Regression to the Mean: Definition, Examples

Probability and Statistics > Basic Statistics > Regression to the Mean

Regression to the mean is all about how data evens out. It basically states that if a variable is extreme the first time you measure it, it will be closer to the average the next time you measure it. In technical terms, it describes how a random variable that is outside the norm eventually tends to return to the norm. For example, your odds of winning on a slot machine stay the same. You might hit a “winning streak” which is, technically speaking, a set of random variables outside the norm. But play the machine long enough, and the random variables will regress to the mean (i.e. “return to normal”) and you’ll end up losing!

Real Life Example

The Sports Illustrated jinx is an excellent example of regression to the mean. The jinx states that whoever appears on the cover of SI is going to have a poor following year (or years). But the “jinx” is actually regression towards the mean. Most players have good games, and they have bad games. A winning streak is usually just that: a lucky streak. And it leads to being on the cover of SI. But it’s statistically likely to be followed by a fall back to average performance.
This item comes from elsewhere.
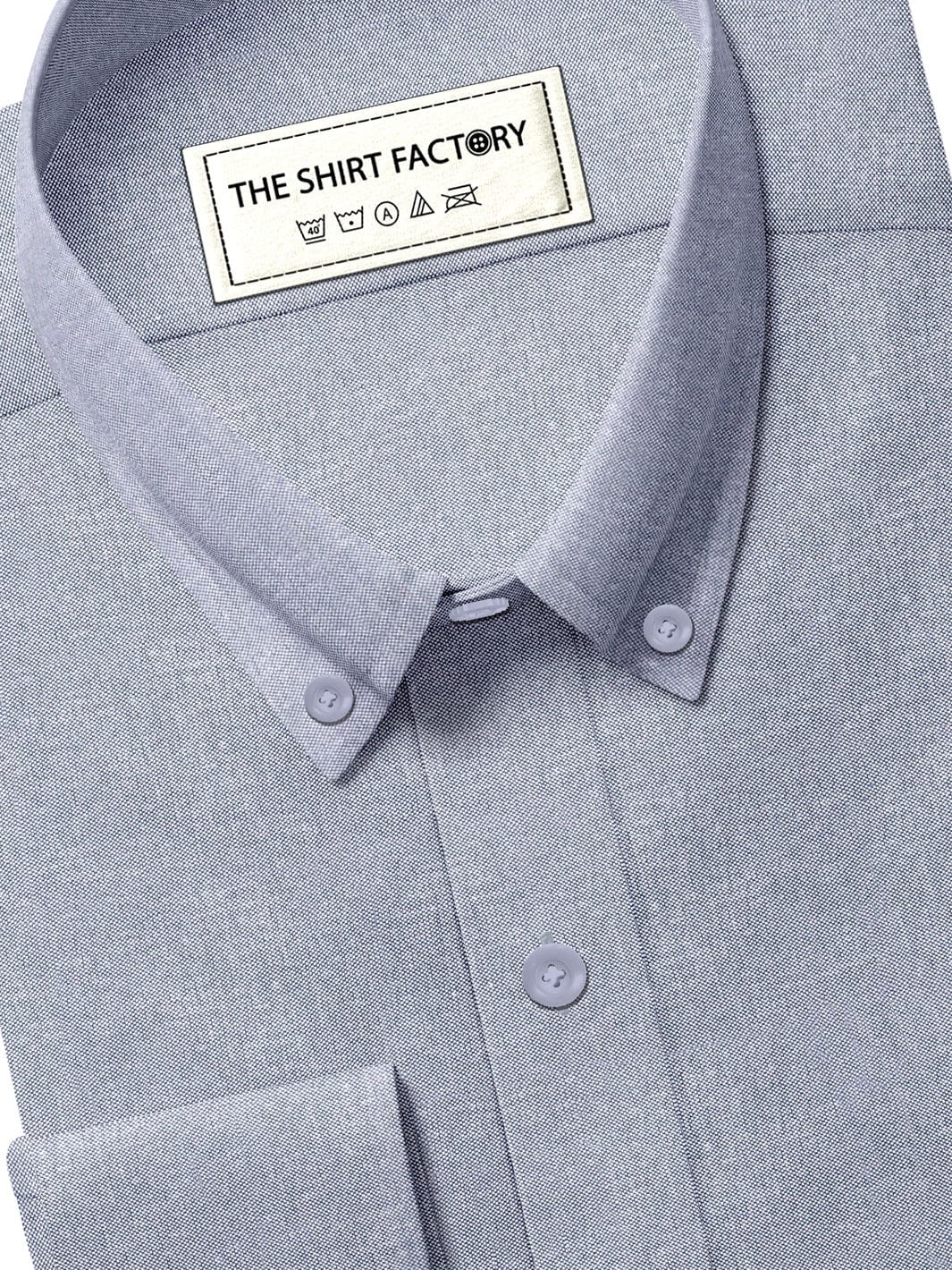 Men's Premium Cotton Grey Blue Plain Shirt (10405)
Why Does Regression to the Mean Happen?

Regression to the mean usually happens because of sampling error. A good sampling technique is to randomly sample from the population. If you don’t (i.e. if you asymmetrically sample), then your results may be abnormally high or low for the average and therefore would regress back to the mean. Regression to the mean can also happen because you take a very small, unrepresentative sample (say, the highest 1 percent of the population or the lowest ten percent).
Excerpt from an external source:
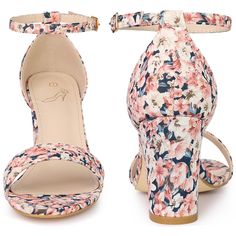 These floral-print heel sandals are sure to be a dazzling look. They feature an open toe, chunky block heels, and ankle straps, which add a touch of cuteness to your look. Designed with chunky block heels, it allows you to walk more comfortably. Pair them with your favorite cocktail dress and colorful accessories for a glamorous party look this season. Great to be a gift for your friend or sister. Spring High Heel Block Heels With Stacked Heel, Spring Stacked High Heel Block Heels, Spring Stacked High Heel Block Shoes, Spring High Block Heels With Stacked Heel, Spring Wedge Heel Block Heels With Padded Heel, Spring Wedge Block Heels With Padded Heel, Spring Wedge Heel Block Shoes With Padded Heel, Spring Pink Low Heel Block Heels, Spring Pink Low Block Heels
Formula for the Percent of Regression to the Mean

You can use the following formula to find the percent for any set of data:

Percent of Regression to the Mean = 100(1-r)
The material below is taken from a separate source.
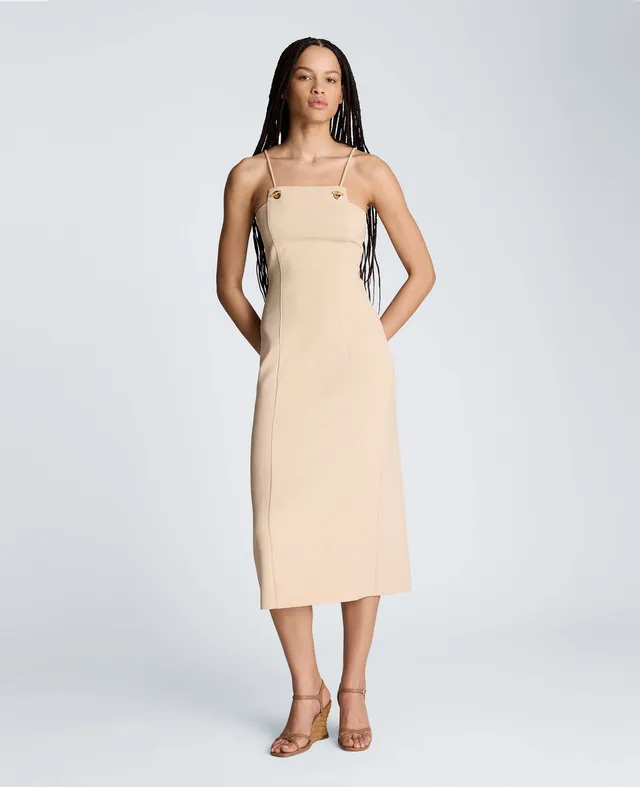 Kenneth Cole Reaction Clothing Square Neck Grommet Midi Dress abito midi biscotto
where r is the correlation coefficient.

Why 1-r?
Note: In order to understand this discussion you should be very familiar with r, the correlation coefficient.

The percent of regression to the mean takes into account the correlation between the variables. Take two extremes:
If r=1 (i.e. perfect correlation), then 1-1 = 0 and the regression to the mean is zero. In other words, if your data has perfect correlation, it will never regress to the mean.
With an r of zero, there is 100 percent regression to the mean. In other words, data with an r of zero will always regress to the mean.